■ WORK INSTRUCTIONS ■
Give the number of lines in the records below that include the word "Furniture", and add nothing to it.

■ STORED DATA ■
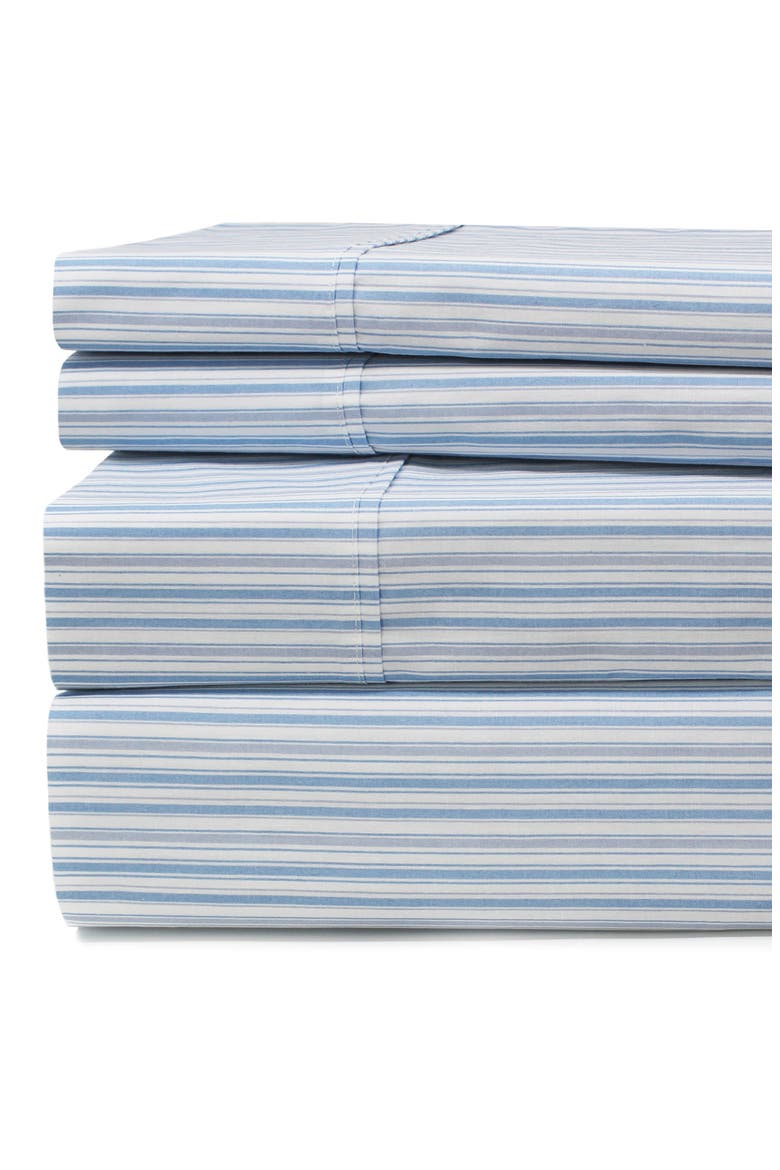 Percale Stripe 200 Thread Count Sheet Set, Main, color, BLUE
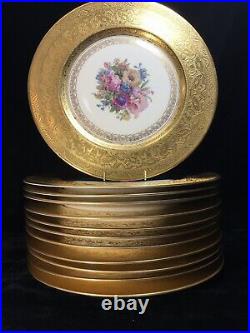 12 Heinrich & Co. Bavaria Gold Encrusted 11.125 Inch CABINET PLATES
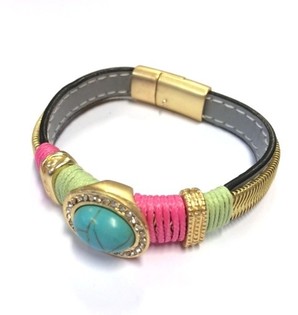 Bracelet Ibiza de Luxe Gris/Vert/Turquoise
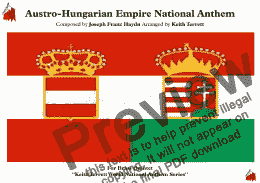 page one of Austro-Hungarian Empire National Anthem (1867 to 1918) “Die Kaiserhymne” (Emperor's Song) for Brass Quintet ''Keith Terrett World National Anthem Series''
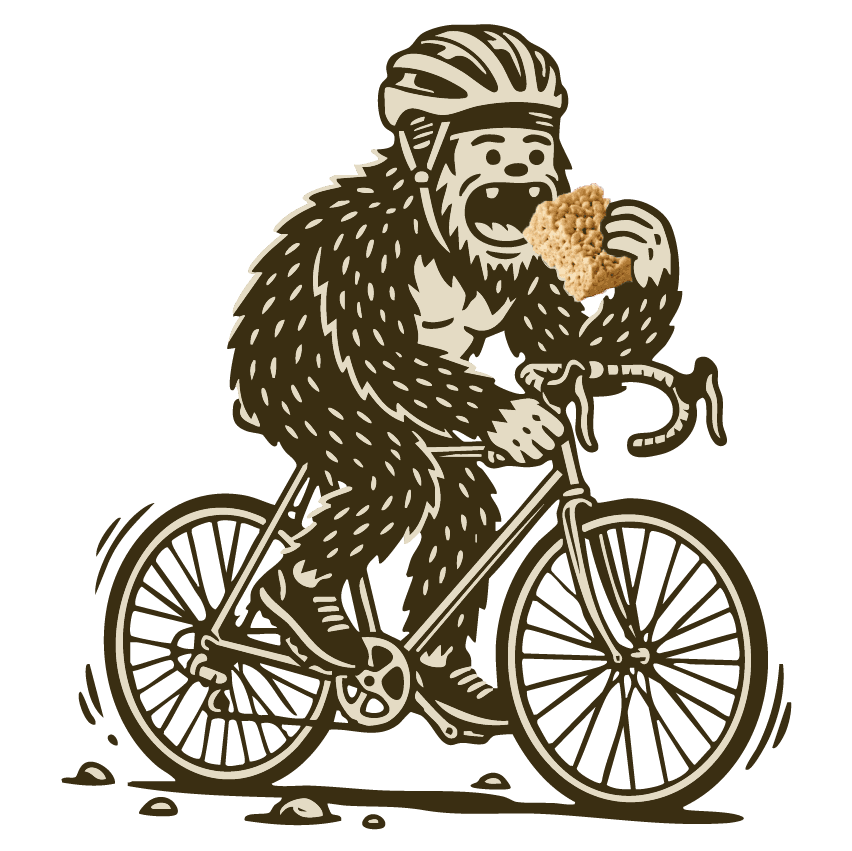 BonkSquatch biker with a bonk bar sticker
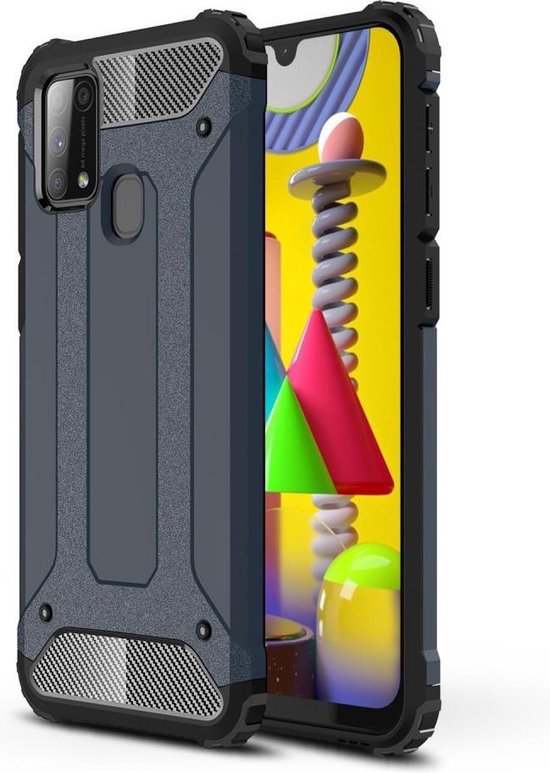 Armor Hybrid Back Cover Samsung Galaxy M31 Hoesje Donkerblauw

...

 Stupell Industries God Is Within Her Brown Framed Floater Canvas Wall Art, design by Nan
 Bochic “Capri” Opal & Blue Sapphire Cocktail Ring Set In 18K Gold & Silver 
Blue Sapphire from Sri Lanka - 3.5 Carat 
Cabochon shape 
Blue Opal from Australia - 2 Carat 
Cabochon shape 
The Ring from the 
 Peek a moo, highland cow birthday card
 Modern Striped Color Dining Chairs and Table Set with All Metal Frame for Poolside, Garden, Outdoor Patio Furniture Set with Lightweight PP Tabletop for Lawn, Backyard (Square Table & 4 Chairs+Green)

==

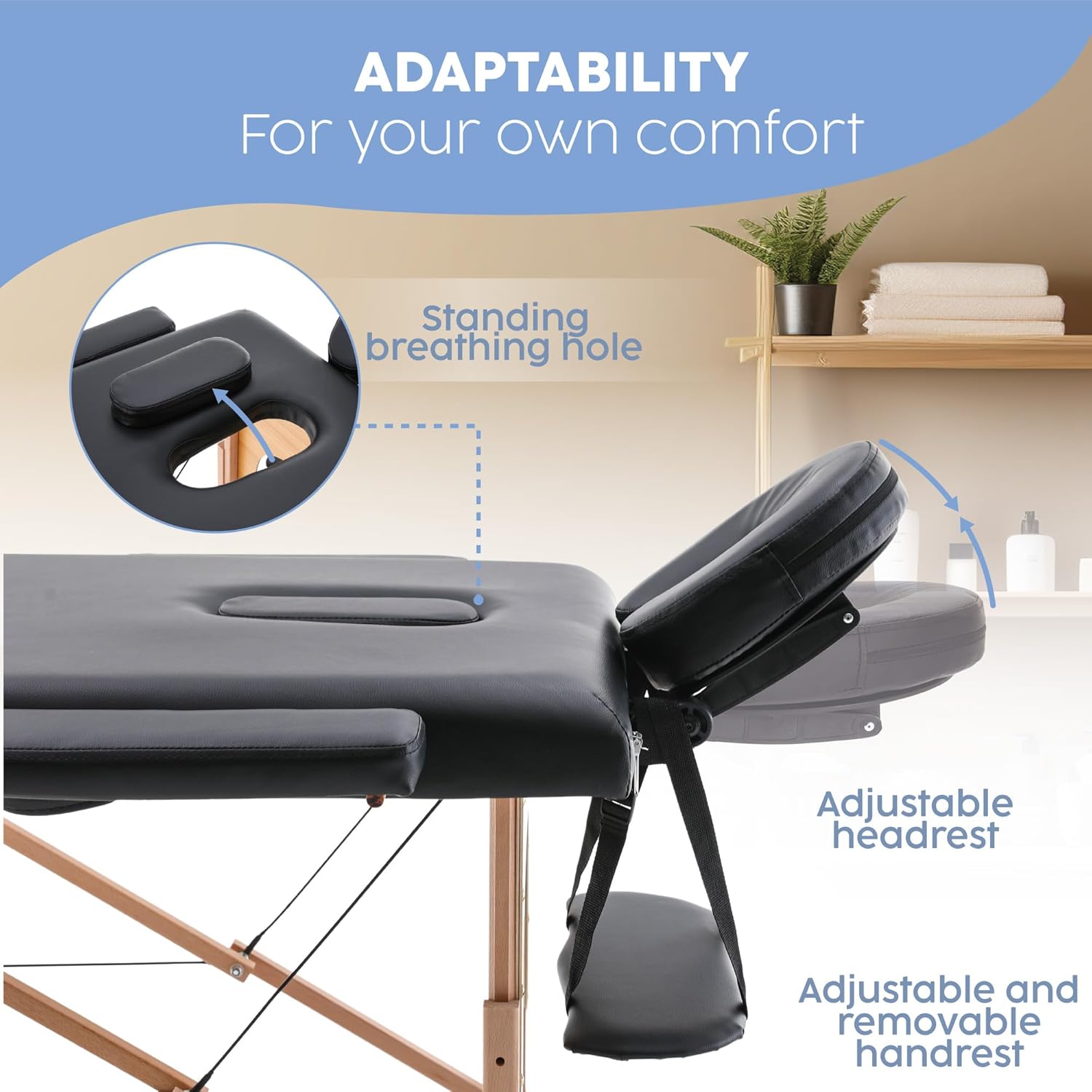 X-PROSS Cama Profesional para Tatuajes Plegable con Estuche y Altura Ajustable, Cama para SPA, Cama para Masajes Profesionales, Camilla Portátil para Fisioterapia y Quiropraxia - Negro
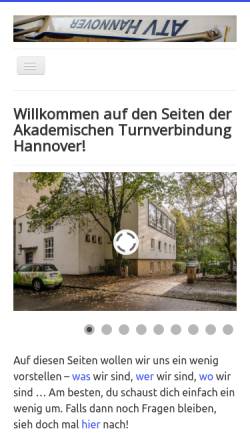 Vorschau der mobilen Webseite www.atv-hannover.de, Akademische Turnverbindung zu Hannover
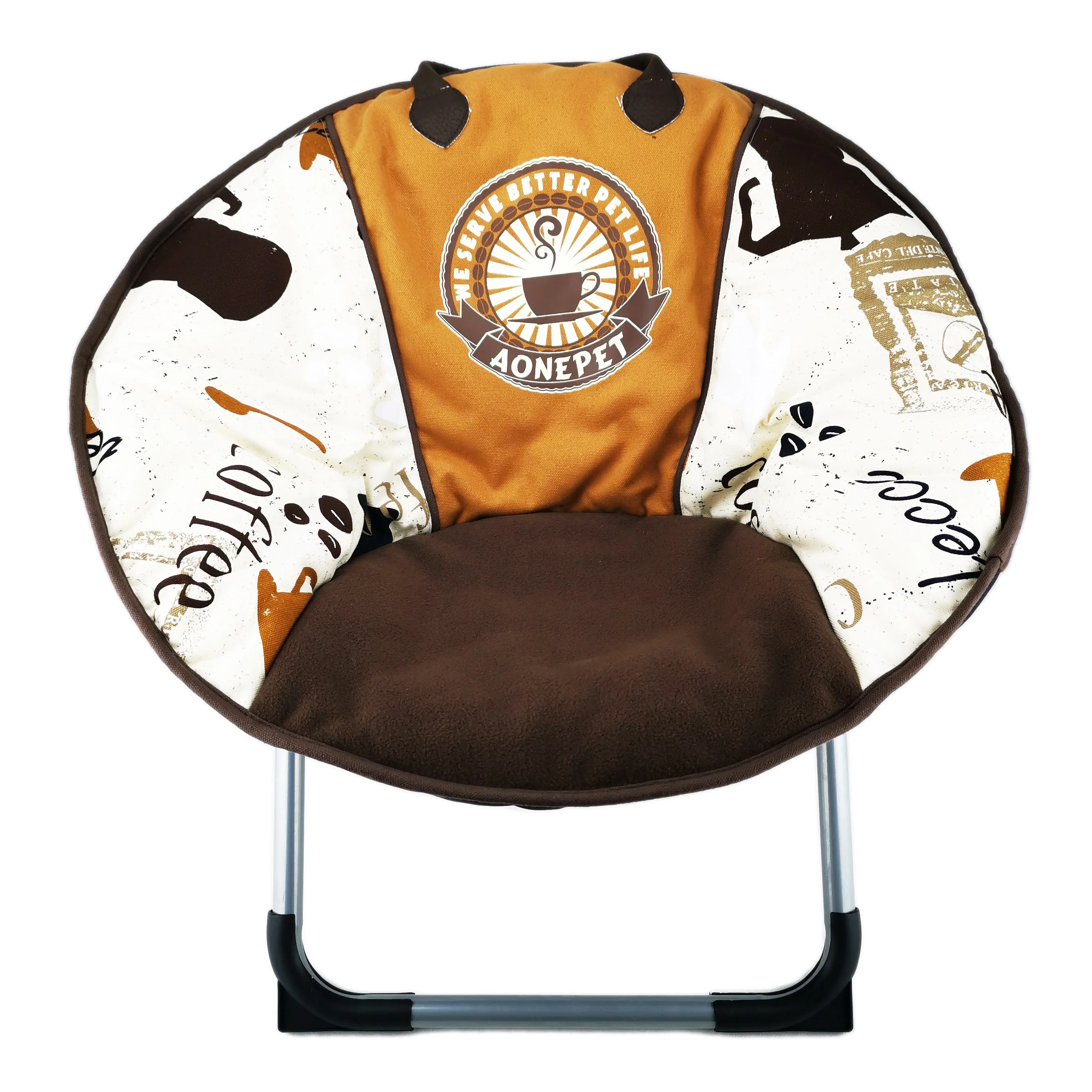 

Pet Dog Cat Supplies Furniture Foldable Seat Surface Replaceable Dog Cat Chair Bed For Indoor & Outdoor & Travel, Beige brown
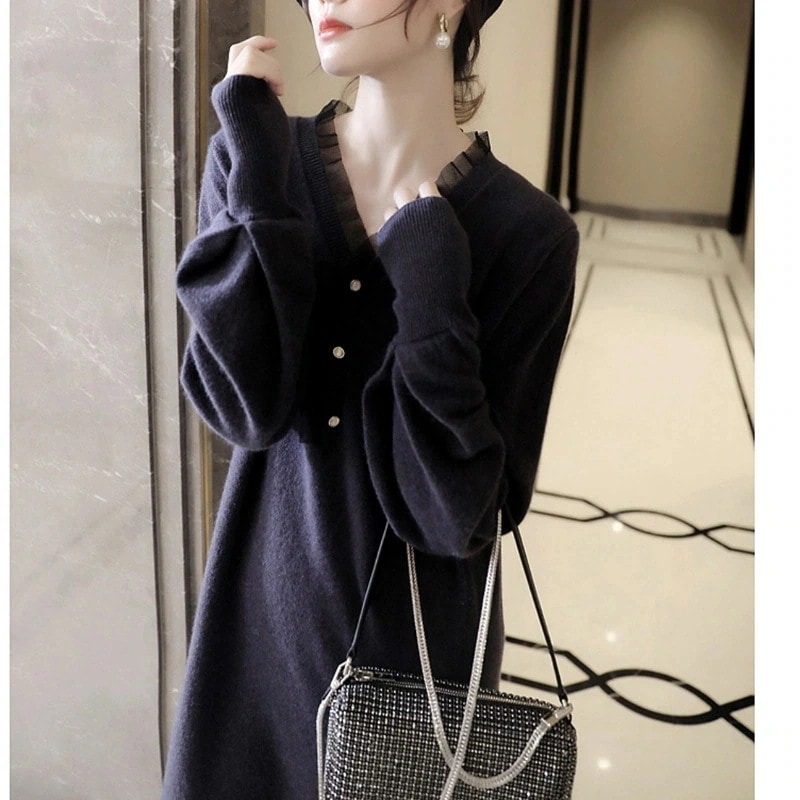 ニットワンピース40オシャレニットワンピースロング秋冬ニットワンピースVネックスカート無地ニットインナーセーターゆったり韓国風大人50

■ TASK RESULT ■
2